Nelson Chenault / USA TODAY Sports

As the brutally unforgiving Western Conference playoff race reaches its pinnacle, two teams represent polar opposites at the moment, as the Grizzlies continue their march up the West ladder while the Trail Blazers continue their alarming descent.

Both trends can be seen as regression to the mean, as the Grizzlies, defending Western Conference finalists, struggled to start the season under a new coach (Dave Joerger) and without their most valuable player (Marc Gasol) for a significant chunk of it. The Blazers, on the other hand, were one of the feel good stories of the Association for the first half of this season, remaining firmly in the hunt for the league's best record.

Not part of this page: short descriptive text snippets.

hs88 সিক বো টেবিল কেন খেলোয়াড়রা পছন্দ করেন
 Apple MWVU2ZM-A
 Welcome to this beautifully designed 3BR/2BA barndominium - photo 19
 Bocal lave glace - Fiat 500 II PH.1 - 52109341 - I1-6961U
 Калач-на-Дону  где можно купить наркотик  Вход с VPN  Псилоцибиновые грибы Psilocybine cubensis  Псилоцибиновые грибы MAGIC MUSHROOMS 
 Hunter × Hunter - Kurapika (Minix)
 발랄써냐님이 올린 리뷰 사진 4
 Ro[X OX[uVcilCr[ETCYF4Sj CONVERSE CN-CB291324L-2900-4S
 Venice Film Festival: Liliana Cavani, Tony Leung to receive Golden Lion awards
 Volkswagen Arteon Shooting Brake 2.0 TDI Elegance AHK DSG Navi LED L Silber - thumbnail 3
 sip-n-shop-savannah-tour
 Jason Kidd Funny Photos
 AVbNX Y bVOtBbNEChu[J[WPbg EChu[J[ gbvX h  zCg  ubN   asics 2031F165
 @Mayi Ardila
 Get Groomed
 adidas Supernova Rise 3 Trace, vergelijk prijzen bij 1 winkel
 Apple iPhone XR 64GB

After an impressive January 18 win at Dallas, Portland sat an incredible 31-9, tied with San Antonio atop the West and just 1.5 games behind first place overall Indiana. Since then, the Blazers have gone 11-14, tied for the 10th-best record in the West and the 17th-best record overall with New Orleans. For much of the season, the Blazers' near-bottom-10-ranked defense was negated by their incredible offense, but over this 25-game slump, Portland's offense has produced at a more mediocre level, a 13th-ranked 104.6 points per 100 possessions over that span. Their subpar defense has allowed 104.7 points per 100 possessions over their last 25 games and a 19th-ranked 104.8 on the season.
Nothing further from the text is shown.